By doing this applied ethics also gets involved with the personal sphere of life and the choices of individuals. More brutally said, applied ethicist are the money making philosophers, the sophists of our time in the classical sense; the ones that are ready to affect opinions, form think-tanks, spin the narrative and all that according to their belief (or paycheck). As our society becomes more complex and expands its technological horizons, applied ethics will probably find new areas to embrace and employ itself. The following quite explores concisely explores the idea of applied ethics eventually breaking loose from traditional philosophy.

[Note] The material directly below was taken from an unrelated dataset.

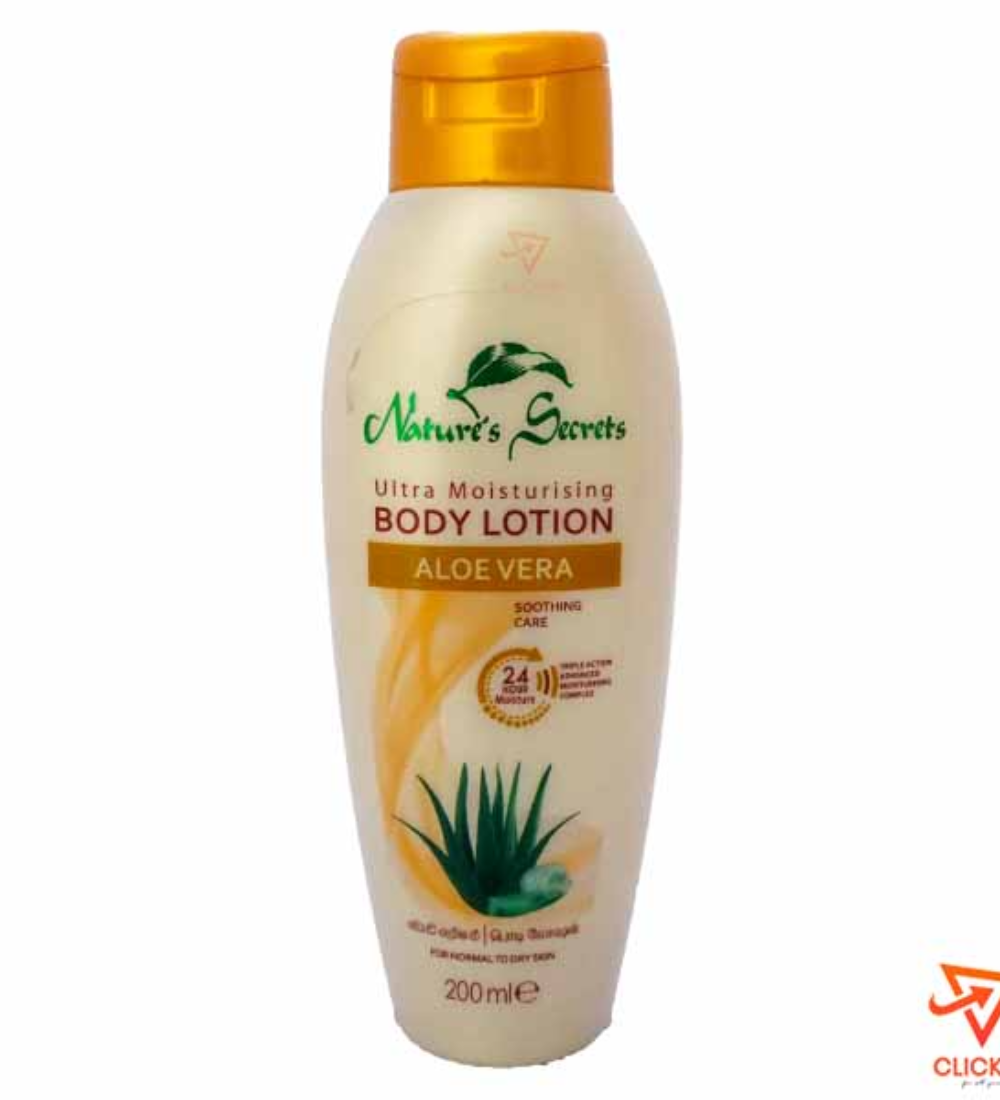 Clicker product 200ml NATURE'S SECRETS ultra moisturising Body Lotion- Aleo vera 758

This need is one reason why applied ethics is here to stay. Indeed, one can expect new flourishing topics within applied ethics to develop as technological innovations and the like bring new moral issues to the fore – as they witness, for instance, recent work on ethics and cyberspace, or ethics and robots. However, the development of applied ethics into new areas may enhance the independence of applied ethics from mainstream philosophy, arguably to the intellectual detriment of the subject. – David Archard and Kasper Lippert-Rasmussen. Introduction to Applied Ethics.
Applied does not necessarily mean there is a non-applied counterpart. I interpret applied-ethics or applied-philosophy as a more market-friendly branch of profitable (or activism based) philosophy. As opposite to traditional “non-applied” which also can have objectives and academics who prefer results, have agendas and such. But the standards in applied-ethics is different, it is out for rent and for sale. Non-applied philosophy is what defines the discipline, the square shaped academic philosophy that entangles itself deeper within itself. While applied ethics leans more to defending moral principles outside of the academic quarters, due to various personal convictions, agendas or economical profits. And can come in various forms, from activism, lobbyism, state funded campaigns and so on. This is also inevitable as real world problems stretch far beyond the academic tightly knitted theory, or rather into it – where someone needs to stretch moral principles and normative ideas depending on context.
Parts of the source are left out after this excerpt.